ふるさと自慢:うどん県,それだけじゃない香川県/香川県(同窓会報396号より)

 「うどん県」というネーミングがすっかり定着してしまった香川県は大まかに表すと南北約30km,東西約100kmの半円形に似た,現在日本一面積の狭い県,四国の右上です。
 なぜか,松山や高知と間違えられてしまう県庁所在地,高松市には特別名勝栗林公園と,源平の合戦場となった屋島があります。国の特別名勝に指定されている庭園の中で,最大の広さを持つ栗林公園は,西側の紫雲山を借景とし,すぐれた地割り,石組みを有し,一歩一景といわれる変化に富んだ美しい江戸時代初期の回遊式大名庭園です。
 源平合戦の古戦場として名高い屋島は,おそらく一度見たら忘れられないほど特徴的で美しいフォルムをもつ,瀬戸内海に突きだした巨大な溶岩台地です。その隣には5つの剣(1つは江戸時代に地震で崩落)のような岩が山上にそびえる五剣山があります。どちらにも山上には四国遍路の札所(84番札所屋島寺,85番札所八栗寺)があり,八栗寺にはとてもレトロなケーブルカーで上がることができます。
 香川県に来たら絶対に食べていただきたい,うどん以外のものと言えば,丸亀市の骨付鳥。

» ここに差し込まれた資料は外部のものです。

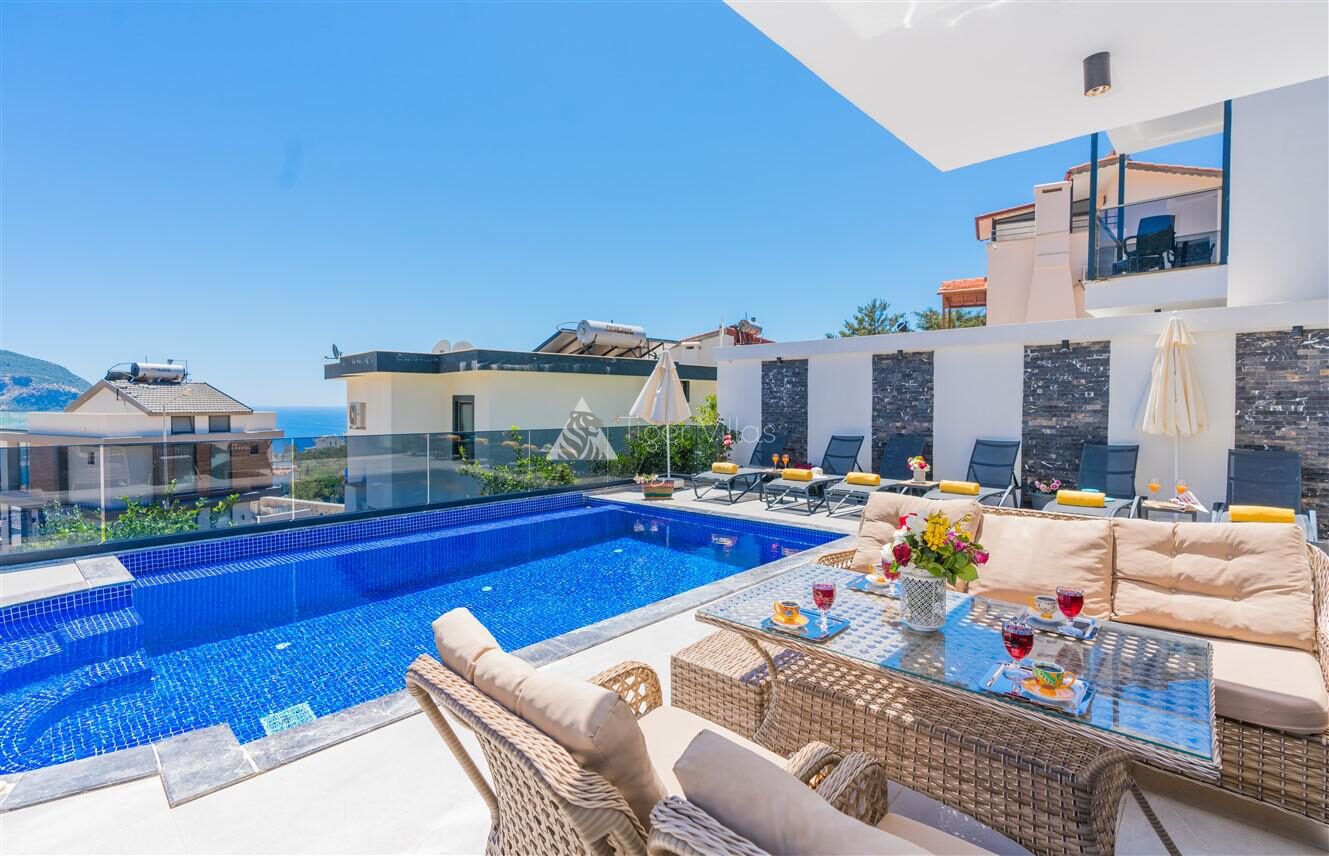 Villa Moon — 9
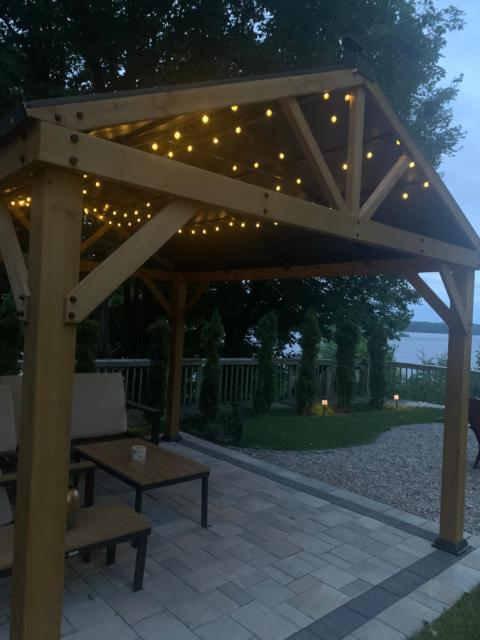 Waterfront Q Estate summer cottage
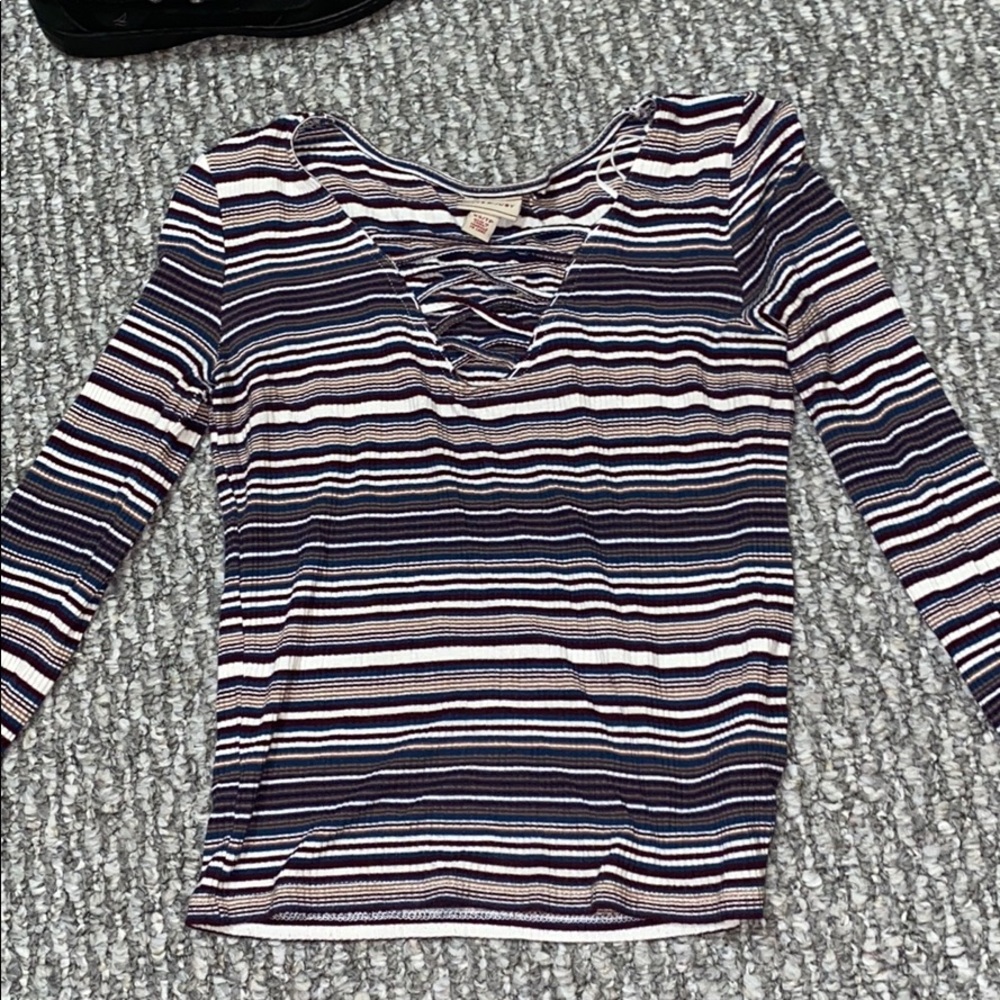 Stripped long sleeve crop top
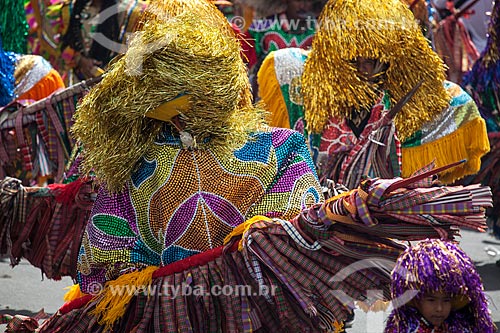  Assunto: Caboclos de lança em apresentação de Maracatu Rural - também conhecido como Maracatu de Baque Solto (Maracatu Águia Dourada) / Local: Nazaré da Mata - Pernambuco (PE) - Brasil / Data: 02/2013 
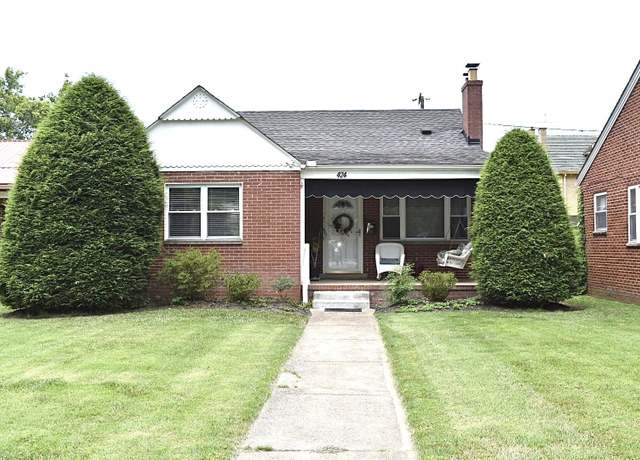 Property at 424 North Boulevard West Blvd, Huntington, WV 25701, 3 beds, 1.5 baths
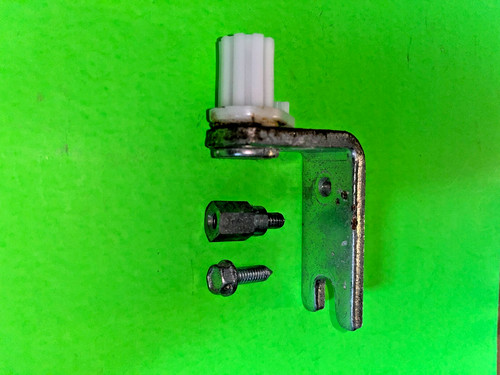 Cerniera porta inferiore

鶏の骨付もも肉をニンニクの効いたスパイスで味付けし,オーブン釜などで焼き上げたもので,歯に自信がない方にはおすすめできないほど噛みごたえがあるおやどりと,柔らかくて食べやすいひなどりの2種類があります。
 そしてなんといっても,最後はうどん。讃岐うどんを打つときの塩加減を指す言葉に土三寒六常五杯というのがあります。土用の時期と寒い時期,通常の季節での塩の配合量を表す言葉ですが,厳密にいえば,うどん屋さんではその日の気温や湿度で水や塩の加減を,職人の経験をもとに毎日変えて打っているのだそうです。夏と冬では全く配合量は異なるのですが,食べる側からすると違いを全く感じない,そういうところが,職人技なのです。そんなことも頭に入れて讃岐うどんを食べると,また違った感動があるかもしれません。
 同窓諸兄からは「四国にはまだ行ったことがない」というお声がよく聞かれます。是非一度,四国香川へお越しいただき,うどんもうどん以外も堪能していただければと思います。